The computing device 900 can include one or more processors 902, data storage 904, program instructions 906, and an input/output unit 908, all of which can be coupled by a system bus or a similar mechanism. The one or more processors 902 can include one or more central processing units (CPUs), such as one or more general purpose processors and/or one or more dedicated processors (e.g., application specific integrated circuits (ASICs) or digital signal processors (DSPs), etc.). The one or more processors 902 can be configured to execute computer-readable program instructions 906 that are stored in the data storage 304 and are executable to provide at least part of the functionality described herein. According to one implementation, the one or more processors 902 can include the processor 102.

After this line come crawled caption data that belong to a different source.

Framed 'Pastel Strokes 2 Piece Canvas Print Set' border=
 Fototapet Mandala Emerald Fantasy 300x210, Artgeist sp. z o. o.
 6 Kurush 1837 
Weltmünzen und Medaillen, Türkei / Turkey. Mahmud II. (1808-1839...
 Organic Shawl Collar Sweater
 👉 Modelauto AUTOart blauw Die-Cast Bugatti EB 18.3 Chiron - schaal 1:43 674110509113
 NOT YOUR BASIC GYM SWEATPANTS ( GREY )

The data storage 904 can include or take the form of one or more non-transitory, computer-readable storage media that can be read or accessed by at least one of the one or more processors 902. The non-transitory, computer-readable storage media can include volatile and/or non-volatile storage components, such as optical, magnetic, organic, or other memory or disc storage, which can be integrated in whole or in part with at least one of the one or more processors 902. In some embodiments, the data storage 304 can be implemented using a single physical device (e.g., one optical, magnetic, organic, or other memory or disc storage unit), while in other embodiments, the data storage 904 can be implemented using two or more physical devices.
The input/output unit 908 can include network input/output devices. Network input/output devices can include wired network receivers and/or transceivers, such as an Ethernet transceiver, a Universal Serial Bus (USB) transceiver, or similar transceiver configurable to communicate via a twisted pair wire, a coaxial cable, a fiber-optic link, or a similar physical connection to a wireline network, and/or wireless network receivers and/or transceivers, such as a Bluetooth transceiver, a Zigbee transceiver, a Wi-Fi transceiver, a WiMAX transceiver, a wireless wide-area network (WWAN) transceiver and/or other similar types of wireless transceivers configurable to communicate via a wireless network.
The input/output unit 908 can additionally or alternatively include user input/output devices, such as the third-party review device 106, and/or other types of input/output devices. For example, the input/output unit 908 can include a touch screen, a keyboard, a keypad, a computer mouse, liquid crystal displays (LCD), light emitting diodes (LEDs), displays using digital light processing (DLP) technology, cathode ray tubes (CRT), light bulbs, and/or other similar devices.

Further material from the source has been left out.